What does purpose use #ifdef and #if in C++

The meaning of #ifdef is that the code inside the block will be included in the compilation only if the mentioned preprocessor macro is defined. Similarily #if means that the block will be included only if the expression evaluates to true (when replacing undefined macros that appears in the expression with 0).

One important point here is that the preprocessor processes the source before it’s compiled and if the block is not included it will not be parsed at all by the actual compiler. This is an important feature of the construct.

Now for some reason C/C++ uses this. These languages processes the file in linear order so things that appears further down the source is not yet known and more important things that appears in other source files. This means that there is no (good) automatic way that a symbol in one source file could be referred to in another source file, especially if you want the type to be correct. This means that you will have to have prototypes and extern definitions to be able to refer to these. Also the case where two source files should share data types (structs and enums) this would have to be done.

In order to make it more practical one would put these inside a header file that each source file could #include (which basically means to insert the header file into what the actual compiler sees). This in turn easily leads to the situation where one header file includes another and you may run into the situation where the same file would be included twice.

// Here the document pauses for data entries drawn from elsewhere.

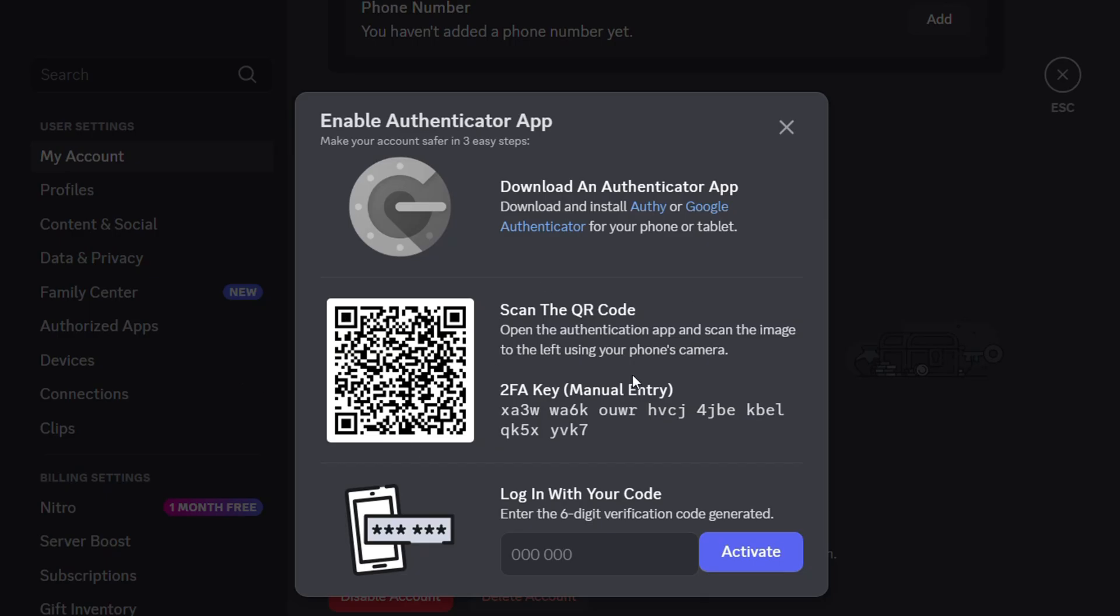You can scan this QR code, or you can enter it manually. Then you will be able to log in with the code. Simply activate it by entering that six-digit code that you'll receive from the application.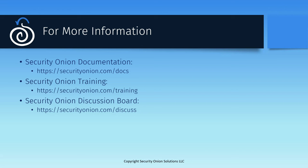If you have questions about rule handling or the platform that were not covered in this video, please check out our documentation at securityonion.com slash docs. If you're interested in our training options to learn more about the platform, please go to securityonion.com slash training. And finally, if you have other questions or feedback about detections or Security Onion as a whole, please start a new thread on our community discussion forum at securityonion.com slash discuss.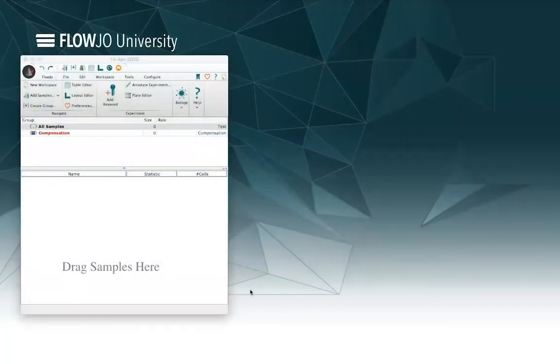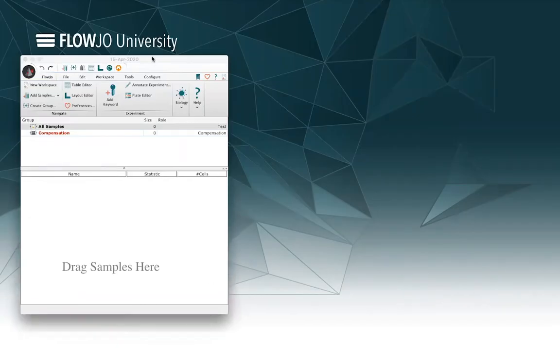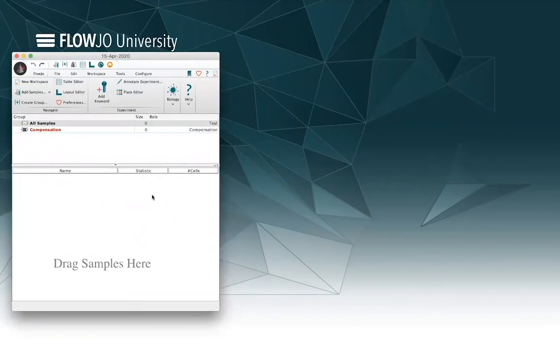Greetings. Welcome to another FlowJo University webinar. My name is Ian Taylor, Director of Product Innovation here at BD Life Science Informatics. Today I'm going to be talking to you about traditional compensation. To get us started, this is the FlowJo workspace. As you can see, I've got no samples loaded here, so let's start by adding some samples.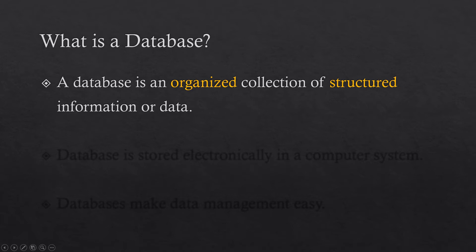But if I organize the books on a bookshelf according to their alphabetic order or some order, I can easily find my desired book. So that is called an organized collection of data or information.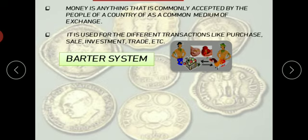This raises an important question: the currency notes we use today — were these same notes in existence a thousand years ago? Certainly not. So how were people fulfilling their needs in the past? When there was no common form of money, how were people exchanging goods and services with each other?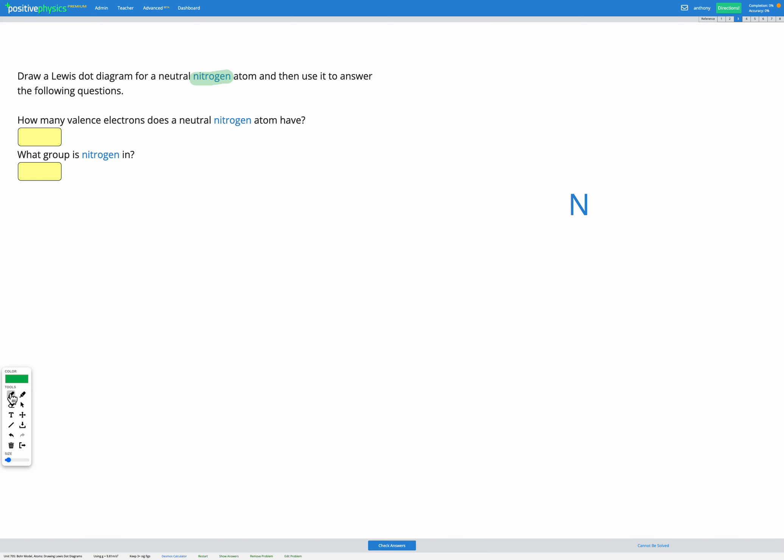We can go ahead and draw our diagram now. We know it has 5 valence electrons so we can fill them in. 1, 2, 3, 4, 5.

Since it’s invalid to repeat struct definitions one would need to make sure that the same header file is not defined twice – that’s where the #ifndef comes handy in the include-guard:

#ifndef HEADER_INCLUDED_
#define HEADER_INCLUDED_

// actual payload of the header file

#endif

In addition at a time where the parsing and compilation of the files would take long time this could result in speedup since the payload of the header could quickly be skipped (the preprocessing phase processes the source much faster than the actual compilation phase).

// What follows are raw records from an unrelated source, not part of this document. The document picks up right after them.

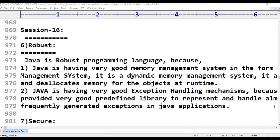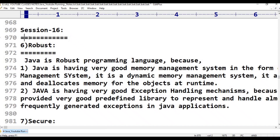Hello viewers, welcome to TeluguSeKit Tutorials. This is Java programming language features. In this session 16, we are going to discuss about robust — how Java is a robust programming language. That is today's topic: point number 6, robust programming language.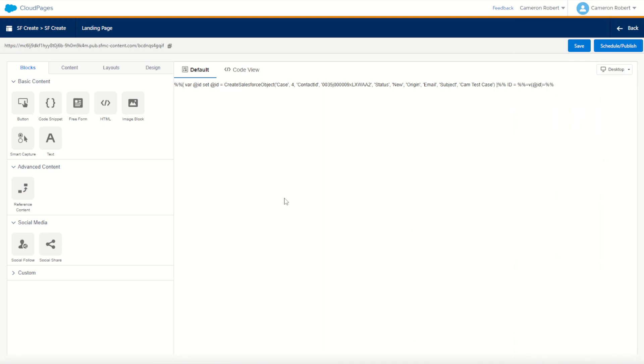Now of course, you can use the Create Salesforce Object function for much more than just creating cases. You could use it on a cloud page subscription page to create new leads or contacts. You could also use it to create a new task, or perhaps even a new campaign member association if a subscriber clicks through onto your cloud pages. But hopefully this case example has given you some inspiration to go through and try it out for yourself.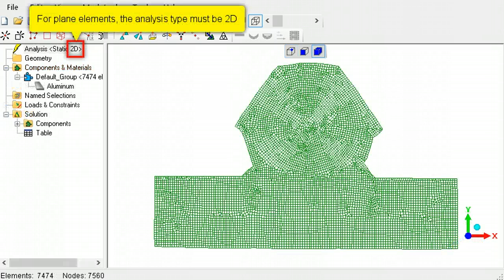For the solver to not treat plane continuum elements as shells, the analysis type must be selected as two-dimensional.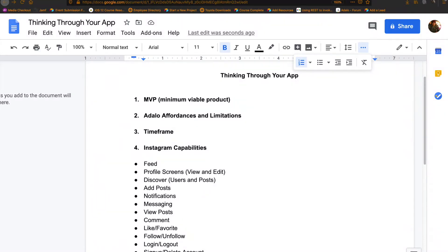Hey, everyone. Welcome to Module 2. This module is all about establishing your app capabilities and thinking through your app.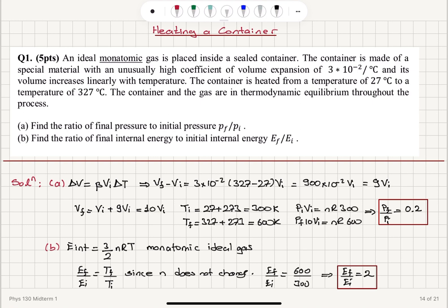In summary: we have an ideal monatomic gas in a sealed container that expands linearly with temperature. With β = 3×10⁻² per degree Celsius, using ΔV = β·V_initial·ΔT, we get ΔV = 9·V_initial so V_final = 10·V_initial. The initial temperature is 300 K and the final temperature is 600 K. Applying the ideal gas law, 10·P_final·V_initial = nR·600 divided by P_initial·V_initial = nR·300, giving P_final / P_initial = 0.2.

Another reason one “needed” macros are that early C-compilers were likely to just translate the code into assembler rather directly. You could avoid function calls by using macros instead which would result in the expansion of it would be inserted directly at the spot and would generate code right there instead of having to do a function call. The same thing applies to constants which would otherwise be variables that had to be fetched at some other place instead of being placed right into the generated code.

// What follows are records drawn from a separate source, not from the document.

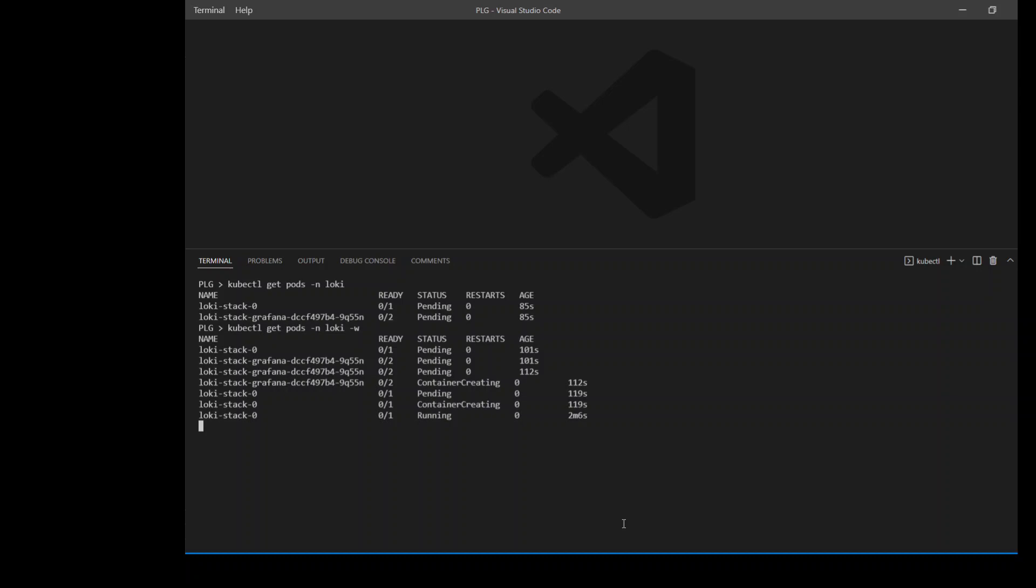And as you can see, for the Loki stack Grafana, we have two containers. But for Loki stack 0, we have only one container. As we are waiting, Loki stack 0 is now in running state but not ready yet. So we need to wait for these pods to be both in ready and running state. Now the Loki stack Grafana is also in running state, but it's not ready. So let's wait until they both become ready.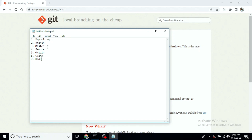In the local repository, you can create a new branch and check it out. When you use a branch, you can update the HEAD. HEAD points to your current branch — whatever branch you are currently on, that is where HEAD points.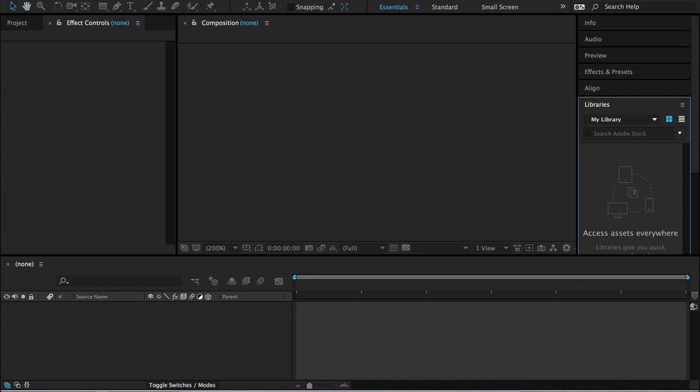Hey everyone! Today I'm going to teach you how to create an easy audio spectrum in After Effects. Those are the animations you see that go along with music.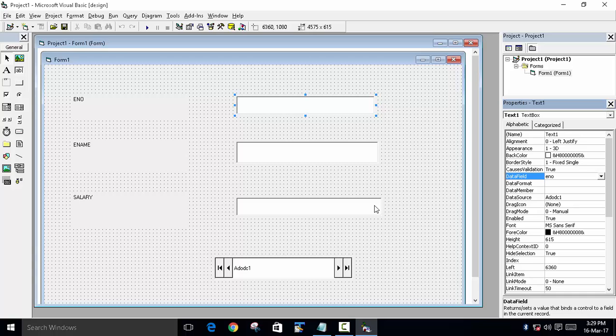This is how you can link Microsoft Access with Visual Basic using standard controls. If you like the video, please press the Like button. If you have any suggestions, queries, or errors in your program, please comment. Subscribe for more. Bye!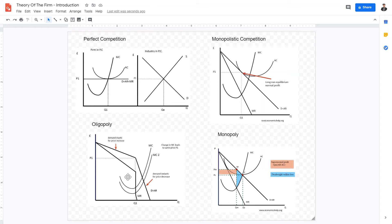In an oligopoly, there are only a few firms. Each firm is a price-setter and game theory is a very important factor when looking at oligopolies. For monopolies, there are supernormal profits, and because of high barriers to entry, firms cannot easily enter or exit. Therefore, there are long-term supernormal profits.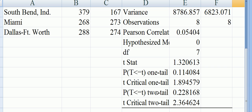The two-tailed test p-value is 0.228168. So if we set alpha at 0.05, here we have p is clearly greater than alpha in this case.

A third reason is the possibility of conditional compilation. Most compilers predefine a set of macros that are intended to give information about what system is being compiled for. We have for example the macro _WIN32 that is only defined if you’re compiling for windows. This would make it possible to have one code snippet that will be included only for windows and another that would be included instead if it’s another platform. Most compiler also has the possibility to set custom macros from command line which would mean that one could from command line (in visual studio you can change them in the project setting as well) alter which parts that will be compiled. The most striking such macro is the NDEBUG macro which if defined will disable all asserts – it’s normal to add a /DNDEBUG when compiling release builds.